WASHINGTON — Redskins coach Jay Gruden will not have much time to rest this offseason.
Gruden lost offensive coordinator Sean McVay to the Los Angeles Rams on Thursday when he was hired as their new head coach just one week after defensive coordinator Joe Barry and three other assistant coaches were fired by Washington.
Entering a critical fourth season of a five-year contract, Gruden has critical decisions to make on both sides of the ball and has to hope general manager Scot McCloughan can keep his offensive playmakers. Wide receiver Pierre Garcon and DeSean Jackson, who both topped 1,000 yards receiving in 2016, are free agents. So is quarterback Kirk Cousins, though the team can use the franchise tag to keep him on the roster if it chooses.
That’s a lot of uncertainty for any coach. Let’s start with the simple decision: Who runs the offense next season? Here are the possibilities:
The veteran offensive line coach helped stabilize the coaching staff when he was brought on board in 2015. He has plenty of experience at age 60. Callahan was the offensive coordinator for the Oakland Raiders from 1998 to 2001 and the head coach there for two years, which included a Super Bowl appearance. For a time in Dallas he was granted play-calling duties under Jason Garrett, though that did not last and he eventually parted ways with that club to come to Washington as the offensive line coach. He could slide into this role with the Redskins hiring a new offensive coordinator with only a limited amount of disruption. No offensive coordinators are exactly alike. But Callahan already has a heavy presence in run plays installed during the week.
Handing him this role in addition to his line duties wouldn’t be ideal. Callahan often stays after practice for 30 minutes working with his linemen on drills and technique and they have gotten better as a group over the last year. The linemen are almost always the last players off the practice field. Hard to see Callahan being able to do all of this.

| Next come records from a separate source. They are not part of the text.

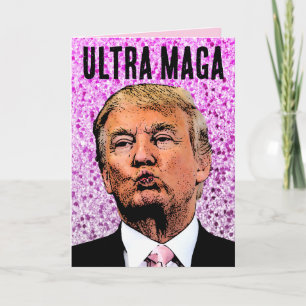 DONALD TRUMP GLITTER BIRTHDAY GREETING CARD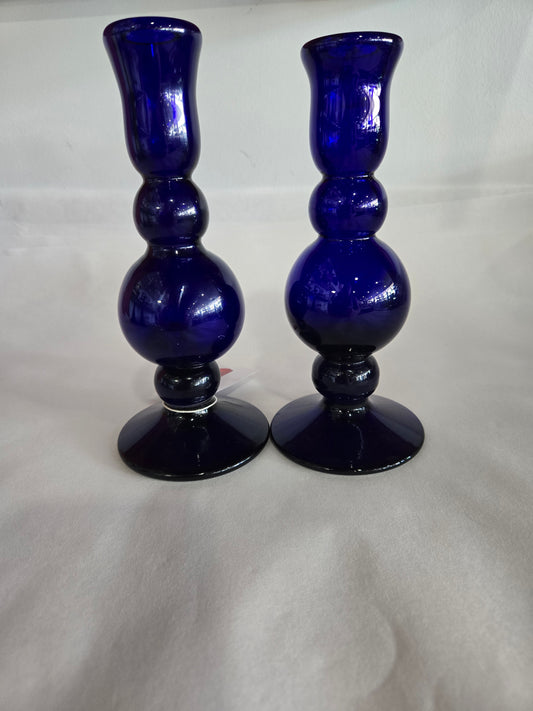 Vintage Blue Bristol Cobalt Glass Candlesticks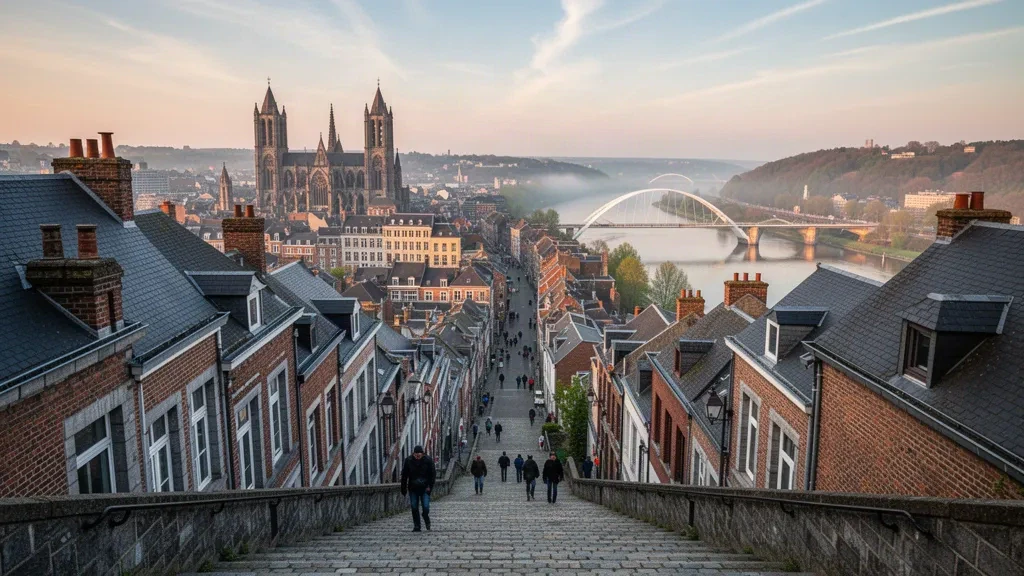 Vue en hauteur de l'escalier de la Montagne de Bueren à Liège et des toits le long de la Meuse à l'heure dorée en Belgique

Another veteran assistant coach who helped stabilize the coaching staff when he was hired in 2015 after Gruden realized coaching the quarterbacks, calling plays and being the head coach was too much for any one person. Cavanaugh has developed a nice relationship with both Kirk Cousins and Colt McCoy, who called him the “MVP” of the 2015 season for keeping a tense quarterbacks room with Robert Griffin III as professional as possible. Cavanaugh knows quarterbacks because he was one. He starred at the position at Pitt in the mid-70s and had a 14-year NFL career primarily as a backup. Cavanaugh was the offensive coordinator in Chicago (1997-98) and in Baltimore (1999-2004), where he helped coach the Ravens to a Super Bowl title. He hasn’t held that title at the NFL level since, however.
Cavanaugh returned to Pitt as the offensive coordinator (2005-2008), but has been a quarterbacks coach since 2009 with the Jets, Bears and Redskins. This could work, too, but Washington again would be best served making Cavanaugh the offensive coordinator and hiring someone to fill his position. It didn’t work well in 2014 when coaches were stretched too thin and if Washington adds another developmental quarterback in the draft it needs someone able to give extensive work to that player.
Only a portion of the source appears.